Thursday, November 14

The Federal Reserve would begin the withdrawal of monetary stimulus in November


el presidente de la Reserva Federal Jerome Powell.
Federal Reserve Chairman Jerome Powell.

Photo: Win McNamee / Getty Images

EFE

By: EFE

WASHINGTON – The beginning of the withdrawal of the monetary stimulus in the United States could begin at the next meeting of the Federal Reserve (Fed), scheduled for November 2 and 3, through a reduction in the volume of monthly bond purchases.

This was indicated by the country’s central bank this Wednesday at the end of its two-day monetary policy meeting, in which it kept benchmark interest rates unchanged between 0% and the 0. 25%.

conditions ”for the start of the decline in the multi-million dollar monthly bond purchase program of $ 120, 000 million dollars in “the next meeting”, said the president of the Fed, Heh Rome Powell , at a press conference.

Emphasized, no However, that the reduction would occur “gradually”.

“We estimate that, if this continues, the asset purchase would end in the middle of next year,” Powell reported.

In this way, Powell was more precise than the central bank’s monetary policy statement stating that “if (economic) progress continues generally as expected, the committee judges that a moderation in the pace of bond purchases could soon be justified. ”
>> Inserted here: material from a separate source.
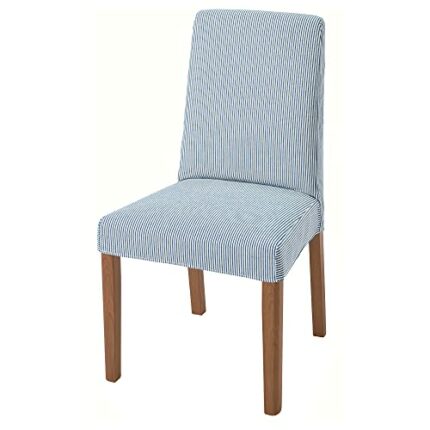 Ikea BERGMUND chair, oak effect/Rommele dark blue/white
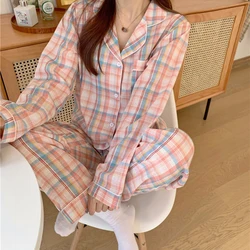 Elvoegirl Cute Grid Girls Pajamas Set Korean Autumn Winter New Long Sleeve Leisure Sleepwear Women Loose Nightwear Homewear Suit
No changes in interest rates

The The Fed lowered interest rates in the near-zero range and launched the multi-million dollar bond purchase program in de 2020 to help the economy after the arrival of the coronavirus to the country , measures that it has maintained since then.

Powell warned that interest rates are not “directly” linked to the reduction in the purchase of bo us, and remarked that given that the recovery “is still underway” it is not expected to modify them in the short term .

The forecasts – indicative but not binding – of the members of the Committee Federal Open Market Fed (FOMC), which directs monetary policy, note that the earliest will be at the end of 2022 for the first interest rate hike in the US .

However, Powell warned that, despite the improvement, “Nobody knows how the economy will be in a year.”

Lower growth forecasts and higher inflation

The Fed lowered its economic growth forecasts up to 5.9% this year, compared to the 7% estimated three months ago and slightly raised inflation rates from 3.4% to 4.2% par at the end of the year.

Inflation is now one of the main reasons for concern in the US, since it is above 5%, at levels not seen in more than a decade.

The big question is whether this price rally is temporary and as a consequence of the lifting of the restrictions imposed by the pandemic and the economic reopening, or if it is due to reasons of fund, which would be more dangerous.

The central bank considers it to be of a transitory nature, estimating that in 2022 inflation will moderate to 2.2%, close to the annual goal of 2%.

“Inflation is high and will probably stay that way for a few months before moderating,” Powell said.

The Fed has a dual mandate of price stability and promotion of full employment.

The labor market in the United States continues to show progress, although at a slower pace than the expected, and the unemployment rate closed August at 5.2%, compared to 6.7% at the end of 2020.

The US central bank has two monetary policy meetings left before the end of the year, the aforementioned from the beginning of November, and the last, in the middle of December.